Mon amie-mocassins elle restait près de moi et du silence qui s'installait dans mes os, elle disait pas un mot, elle penchait ses regards obliques et je crois qu'elle voyait bien que j'avais des difficultés à revenir dans Paris, dans la vie d'avant l'été. On a repris notre amitié-fille qu'était bien cabossée et on a essayé de déchiffonner les amertumes et les absences, yavait d'la distance entre nous. C'était pas fini-fini mais la fêlure s'voyait quand même.
On a continué comme on faisait avant, de se laisser des messages à la craie sur les trottoirs, d'inventer des jeux dans le métro pour les passants, de peindre des arbres et des oiseaux sur les pubs géantes, de raconter des histoires dans des cafés, de tomber pour de faux amoureuses des mêmes garçons, de faire des plans de Paris en suivant les graffitis, quartier par quartier, de danser toute la nuit même pas saoules sur les quais de la Seine, de pique-niquer sur les toits, d'organiser des repas d'quartiers dans les squats-amis, bref, on a continué la vie mais ça suffisait plus pour moi, pis on sentait bien que ça pourrait pas durer.

Je voulais
1 revoir mon amoureux de voyage,
2 voyager encore,
3 plus faire des études mais faire la vraie vie.
C'était en gros les idées que j'avais à ce moment là, que les petites radicelles sous mes pieds se détachaient de la terre pour larguer les amarres et qu'il fallait partir. J'avais peut-être lu trop de livres des situationnistes, ch'ais pas. J'avais d'la rébellion dans les veines et tous les rapports -sauf quelques uns- me paraissaient faussés.

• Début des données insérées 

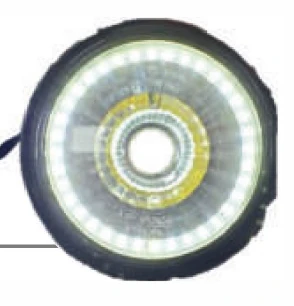 Head Light MFR with DRL-P43 with Parking ASHLEY UNIVERSAL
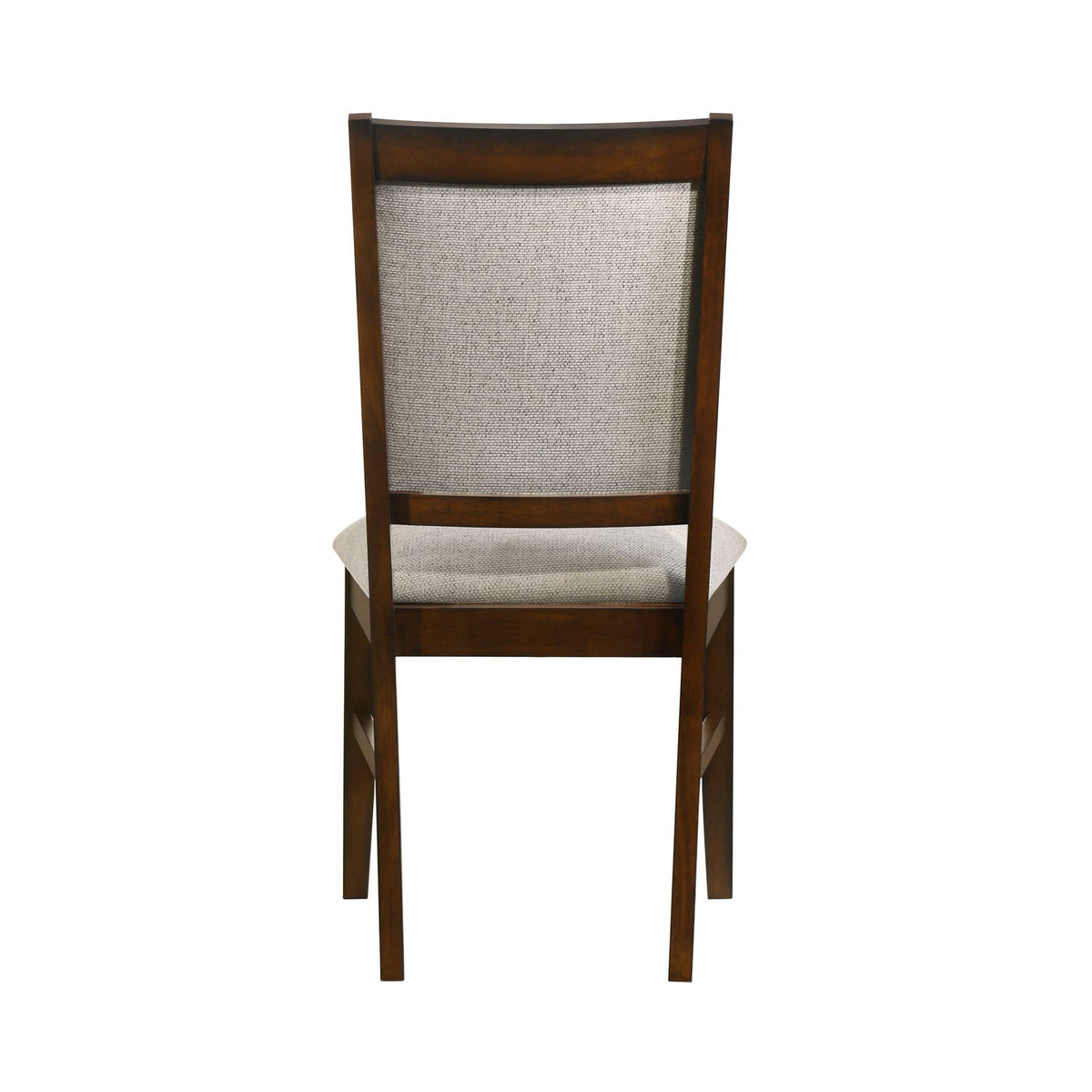 Portage - Dining Chair (Set of 2) - Brown / Beige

Cet automne-là Paris était violente pour moi et j'avais le goût d'autre chose dans le cœur.
Pis l'a. de voyage est revenu, les égratignures de graviers avaient pas croûtées, elles avaient fait des petits trous dans le plexus ça laissait une trace comme une queue d'comète mais rouge sur la peau.
Y avait du bien et du moins bien dans notre histoire, mais à cause de cette empreinte sur moi je voyais juste le bien et j'voulais pas croire à autre chose comme être raisonnable faire la part des choses réfléchir et aller doucement.

Je voulais l'aventure et le voyage.
Aussi quand il a dit à sa façon Tu viens-tu avec moi pour de bon sur la route, j'ai dit oui et si on savait pas -ni l'un ni l'autre- tout ce qui nous attendait, ce qu'était sûr c'est qu'à ce moment-là précis on était les deux plus heureux dans Paris.